Here are the major takeaways from Boxwood’s analysis of a custom extract of Q3 CoStar leasing market data comprising office, industrial and retail properties under 50,000 sq. ft. and multifamily buildings between 5-40 units.
More specific leasing details on the small-cap office, industrial and retail sectors follow below.
Office – The national office vacancy rate ticked down 10 bps to 6.4%, within earshot of the record low of 6.1% and comfortably 120 bps below the 10-year average which may allay some fears that the sector was about to tank amid the self-sustaining WFH era. What is a bit surprising is the relative stability of small office building fundamentals, i.e., we hear a lot about how smaller office properties will suffer from tenant migrations to bigger, higher-amenity office locations. That has yet to show up in the national numbers. That said, office demand has weakened: Net positive absorption declined to only 3.9 million sq.ft., off 36.7% sequentially and a notable 71.9% YOY as the total number of newly signed leases (13,240) dropped to the lowest total in eight quarters.
Industrial – Vacancies for small industrial and flex buildings were unchanged at 2.9% for the third consecutive quarter, holding firm at its historically low point. Occupancy gains slowed to just 5.4 million sq. ft., down 12.1% from Q2 and a sizable 79.8% from 12 months earlier when nearly 27 million sq. ft. were absorbed. Importantly, the roughly 8,100 leases signed during Q3 were the lowest total in 15 years, reflecting in part the weaker demand for goods in the manufacturing sector and slowing business investment cited in the latest ISM Report.
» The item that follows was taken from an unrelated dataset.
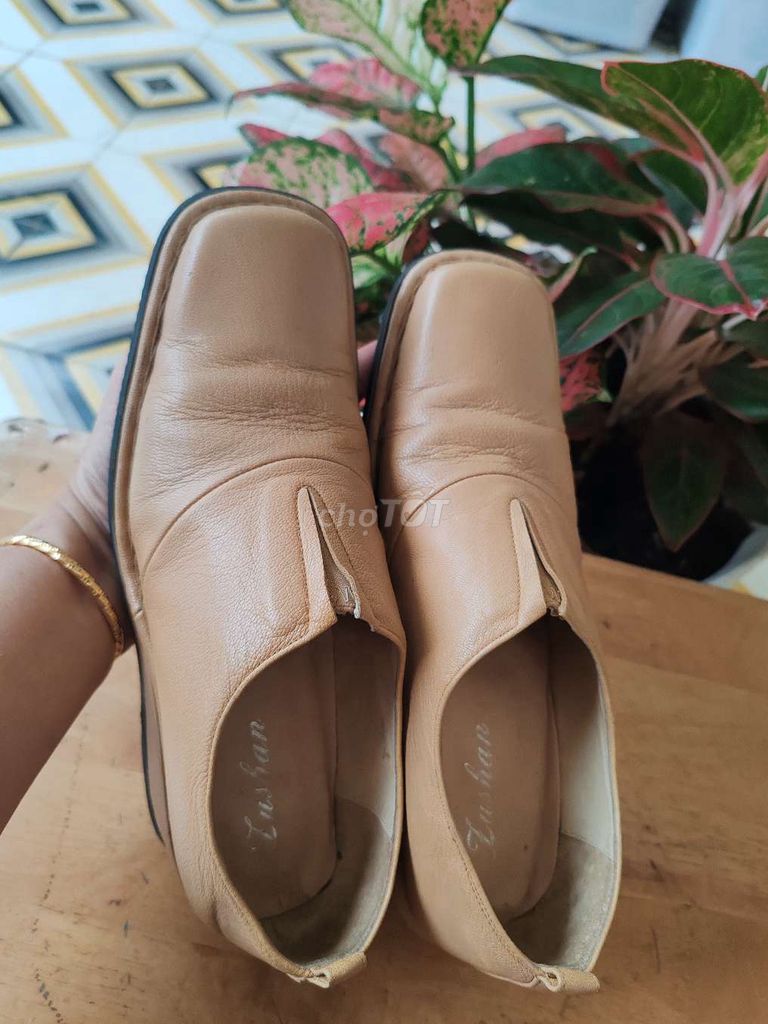 Giày lười Nữ Da bò thật Nâu Size 37. Mua bán Giày dép tại Quận 7 Tp Hồ Chí Minh được đăng bởi Vy Vy hình 1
Retail – The national retail vacancy rate for small retail and strip centers, and freestanding retail stores held steady at a record low of 3.6%. Demand remained in positive territory with 11.9 million sq. ft. of gains in net occupancy, but here, too, there was diminished tenant demand: Net absorption declined 10.7% sequentially and 53.4% YOY. Consumers boosted their spending in stores during August suggesting that some household resilience remains despite slowing wage growth, higher prices, and soaring interest rates.
The continuing slowdown in across-the-board leasing velocity reflects mounting concerns among small businesses that economic conditions will get worse before they get better. The Federal Reserve appears hellbent on taming the inflation tiger, and the current regime of interest rate hikes has taken the air out of the proverbial balloon, has raised market risks, and may level potentially punishing effects on all commercial real estate market participants.